Don't really have any suggestions for you, but I do hear really good things about Fluval. Plus I think the style of their tanks is breathtakingly gorgeous. They ARE a bit costly, but I think they look their price.

I have a Fluval View, which I decided on more for the lid seal than the look of it. It's a nice tank and I love it, but the graphic on the back really detracts from the "pricy" look. So probably not the best choice for you... But I am perfectly satisfied with it's performance thus far.

Looking forward to seeing what you end up doing!


----------



## ChoclateBetta (Jul 22, 2012)

Are Fluvals the ones with no lid?


----------



## Lady Courage (Oct 2, 2012)

Not all of them. Some do I think, but all of the ones I've seen have at least a lid you can purchase separately. Cool thing about them is that oftentimes the lids look practically invisible. Makes for an ultra sleek look.


----------



## cjz96 (Jun 10, 2012)

homegrown terror said:


> since pretty much everything else has been covered, i've got a recommendation for decoration/hidey spot. we just picked this http://www.petco.com/product/118880...nt-Ruins-Collection.aspx?CoreCat=OnSiteSearch up for Jack Skellington's tank and it's absolutely beautiful, and fully hollow with plenty of in-and-out openings for him to swim through. the tree stump on the top is open as well, so you could have some stem plants growing out of it into a canopy at the water surface. it'd be lovely in a little forest of anubias nanas, i think.


My betta got stuck in something like this. :shock: I thought he wouldn't be able to fit...apparently, half of him could. Just be careful and measure all the in and out openings. Block all of the openings that might be iffy. the Hydro Theo Heater SO FAR hasn't gone haywire on me yet, and I do suggest it. Good luck!


----------



## homegrown terror (Aug 6, 2012)

cjz96 said:


> My betta got stuck in something like this. :shock: I thought he wouldn't be able to fit...apparently, half of him could. Just be careful and measure all the in and out openings. Block all of the openings that might be iffy. the Hydro Theo Heater SO FAR hasn't gone haywire on me yet, and I do suggest it. Good luck!

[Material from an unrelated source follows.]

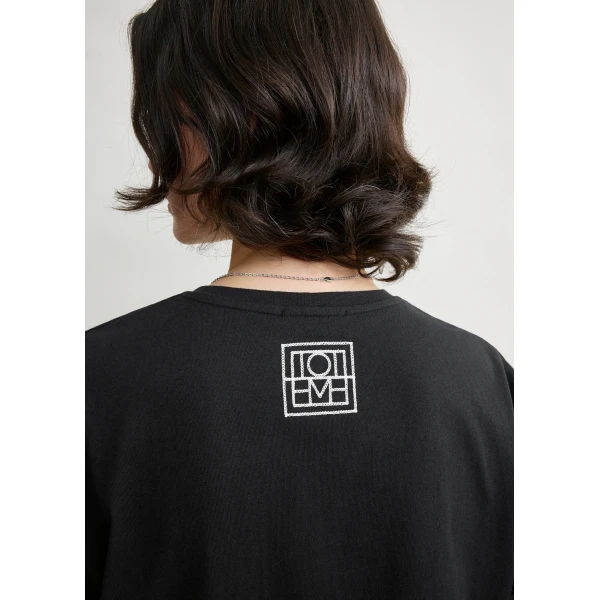 Toteme Classic embroidered tee in Black Top, view 5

i looked it over, and the only opening that's iffy is that little upper-level window. i've gotta wait till Jack arrives to be sure of his size, but other than that, the openings are nice and big with smooth, non-dangerous edges.


----------



## ChoclateBetta (Jul 22, 2012)

Be careful with decorations some are too sharp.


----------



## Rcguerra (Nov 2, 2012)

New concern: do heaters work with with plastic tanks? I just found something that might be the perfect fit!


----------



## bamsuddenimpact (Jan 25, 2011)

Rcguerra said:


> New concern: do heaters work with with plastic tanks? I just found something that might be the perfect fit!


Yes.


----------



## homegrown terror (Aug 6, 2012)

Rcguerra said:


> New concern: do heaters work with with plastic tanks? I just found something that might be the perfect fit!


i don't see why they wouldn't...they don't get too hot, just warm enough to keep the water at a steady temperature.


----------



## ChoclateBetta (Jul 22, 2012)

I have heard heaters can damage plastic tanks.


----------



## Luxavior (Sep 30, 2012)

I managed to get a heater, filter, gravel, 7 silk plants, a betta leaf, a marimo, and all the water quality chemicals & tests, epsom & aquarium salts, and food for my 10g tank for $30 shy of $200.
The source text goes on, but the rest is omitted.